In a thousand years your blog gets dug up and put in a museum. What does the general description on its shiny brass plaque say about all of the posts within?

I can think of a few things that people in 1000 years might think about what I have to say.

“Why the American Empire fell”

is my favorite, though. Let’s face it, my blog screams decadence. I praise the lifestyle of laziness, many of my musings are esoterical (I’ll get into what that means in a jiffy), and everything is purely for entertainment.

Many historians are in agreement when it comes to the relation between decadence and the end of an era. Ibn Khaldun, an historian from the 14th century A.D. Tunisia, formulated a theory about the repetitive character of history: A group of people becomes powerful, amasses wealth, becomes complacent and decadent, is the victim of the next strong group. His ancestors had fled from Andalusia, when the Reconquista reclaimed Spain for Christianity nearly a century before his birth.

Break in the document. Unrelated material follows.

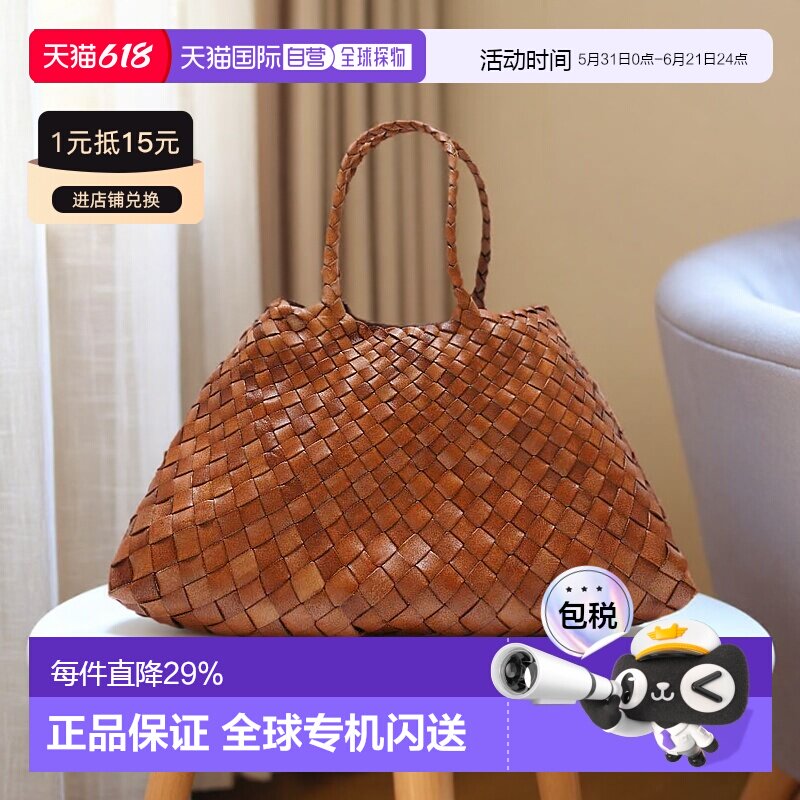 韩国直邮Dragon Diffusion法式篮子牛皮编织包复古手提包小号8893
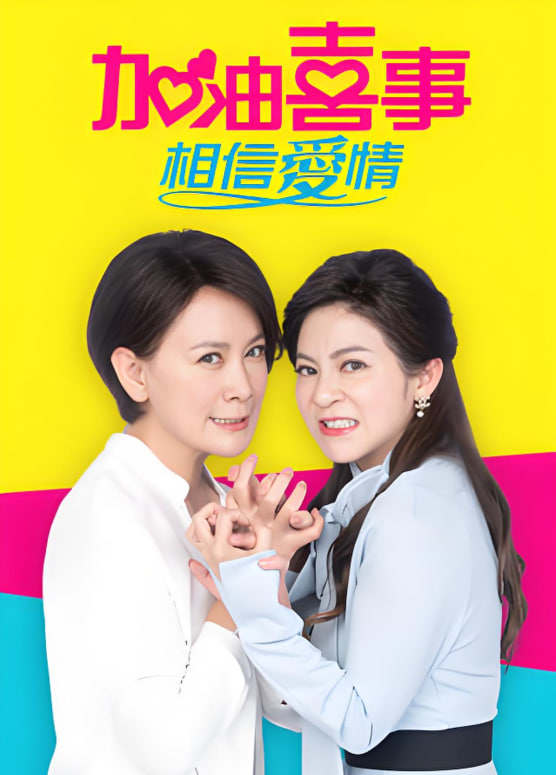 加油喜事-相信爱情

Now, about my esoterical blather. Esoterical, Thomas Stanley, 1701, were the scolars of Pythagoras in the inner circle, those who were ready for secret knowledge. So, why do I use the word esoterical? I am all-inclusive. To my mind, there shouldn’t be any secret knowledge. The entire world should be the inner circle. I can safely give my insight to others on the internet because of my anonymity. My concern is not for those who would want to know what I know, but for the guardians of the secret knowledge. Well, I am perhaps exaggerating a little bit. I don’t know any church or state secrets. But if I did, I would be the first to leak them – nay, not leak, I would open the flood gates! Ultimately, keeping those secrets is more harmful than exposing them. I’m not talking about personal secrets. Just a few minutes ago – I am writing this from a friend’s friend’s computer – a person asked me via this friend’s friend’s messenger, if I had had sex with her last night, and why I was visiting. I told him in the most diplomatic manner to go $%&! himself, that is of a personal and private nature. I digress. Secrets that affect other people generate mistrust, paranioa, and awkwardness, and prying those secrets from others results in conflict. State secrets affect so many people, and the ramifications of conflict are dire. Just get them out in the open, and people will realize that they’ve been conned by their governments, and their governments conned each other. Since politicians are cowards, and the militaries and polices loyalty will inadvertantly go to the people, full disclosure would result in a quick burst of flame, but from the ashes a new humanity could arise. Ok, probably it wouldn’t work out so nicely. But it would be interesting to write about a post-(full disclosure) world, wouldn’t it? I think that might make tomorrow’s post.

That covers the explanation of why and fell. Now we get to American Empire.

I don’t think we have to wait for the fourth millennium to see that expression in school history books. The USA are the military, economic, technological and cultural hegemon of the 20th century and the beginning of the 21st. Maybe this will last until the end of the 21st century. Who knows. Even if China overwhelms the USA in terms of GDP, they still need to restructure socially. Poverty is still rampant in China, as well as corruption, and that is slowing their
development. The USA have their fingers in every pie in the world, their influence extends everywhere. Every country, save North Korea, has an American cultural center, McDonalds, Burger King, Apple, Google (also not China), Microsoft, their own version of American Idol, just to name a few. One of my favorite bands, Rammstein, has a rather famous song about this: “We’re all living in America, CocaCola, Wonderbra”. The original version was misunderstood, and they have added the following to the coda: THIS IS NOT A LOVE SONG. Well, Rammstein are a leftist heavy metal band, and you can disagree with their political views, but they’ve got a point. I may be a German citizen, but Germany, France, the entire EU, we might as well be Americans with odd customs and language, kinda like Texans – or New Englanders, if you prefer that.